Opting for a settlement loan is a decision associated with borrowing money against the future settlement. It is mainly for someone who is struggling financially due to litigation processes.
In other words, Settlement Loan is the act of borrowing money against the proceedings you might expect to win in a Lawsuit. It is a loan that you receive in advance, on the settlements.
How does a Settlement Loan Work?
Settlement Loan is the money that you borrow from a financial institution, primarily a bank, and expected to pay it back later along with the interest.
Before approving the loan, bank checks for the criteria whether you will be in a position to repay it later. It majorly checks for:
- A reliable source of Income,
- Credit History,
- Other Assets (House, Car, Cash Deposit).
After getting the loan approved, you are subjected to use the money for a specific purpose. In the uneventful case of not repaying the money, you are posed to a fine, lawsuit or a damaged credit.
Is it Advantageous to file a Lawsuit Settlement Loan?
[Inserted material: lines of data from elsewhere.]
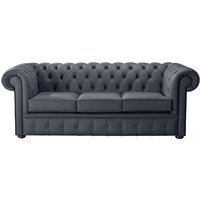 Product photograph of Chesterfield 3 Seater Shelly Knight Leather Sofa Bespoke In Classic Style from Chesterfield Sofas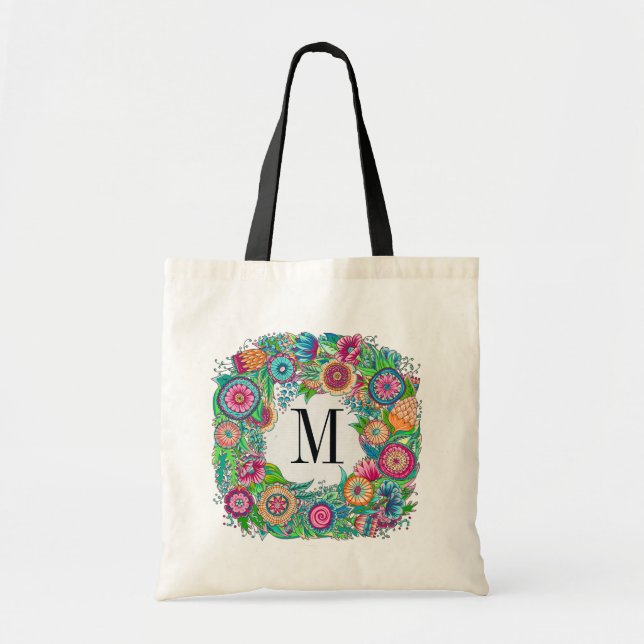Tote Bag Jolie Fourre-tout Florale (Devant)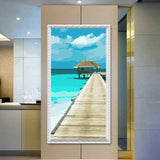 Painting by Numbers Caribbean Jetty into The Sea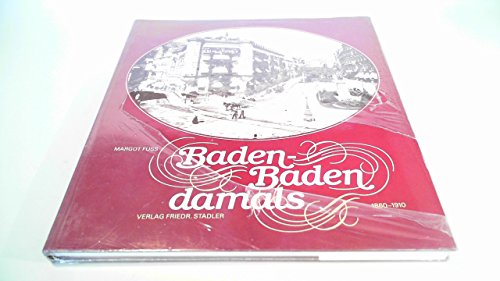 Beispielbild fr Baden-Baden damals zum Verkauf von medimops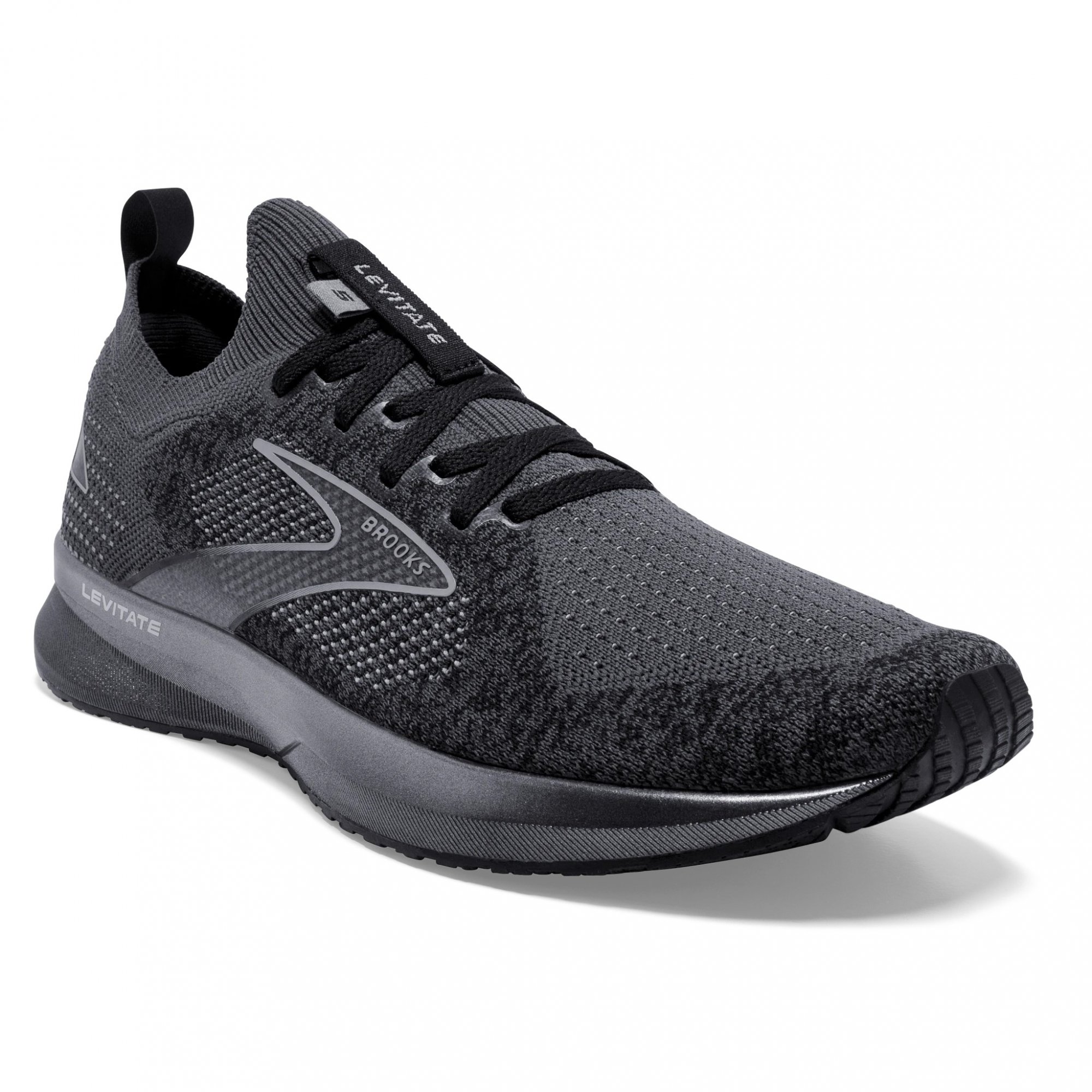 BROOKS Levitate StealthFit 5 Black/Ebony/Grey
Even though filing a Law Suit Settlement Loan is a cumbersome and expensive process, it majorly benefits the plaintiff. If any unexpected personal injury has caused you to lose income, incur losses and had worsened your financial situation, it is better to consider filing a lawsuit settlement loan. It helps you relieve from the stress as you wait for the settlement of the suit.
The settlement loan covers the
- Monthly living expenses,
- Loan payments,
- Medical treatment and pharmacy,
- Mortgage Payments,
- Utility Bills.
The only drawback is that Settlement loans are time-consuming, restrictive and cumbersome.
Who will assist in the process of Settlement Loan?
If the odds of winning the lawsuit are in your favor, there are numerous Settlement companies that would like to assist you. The synonyms they use for this loan are Lawsuit Loan, Pre Settlement Loan, Settlement Funding, Lawsuit Funding, Cash Advances.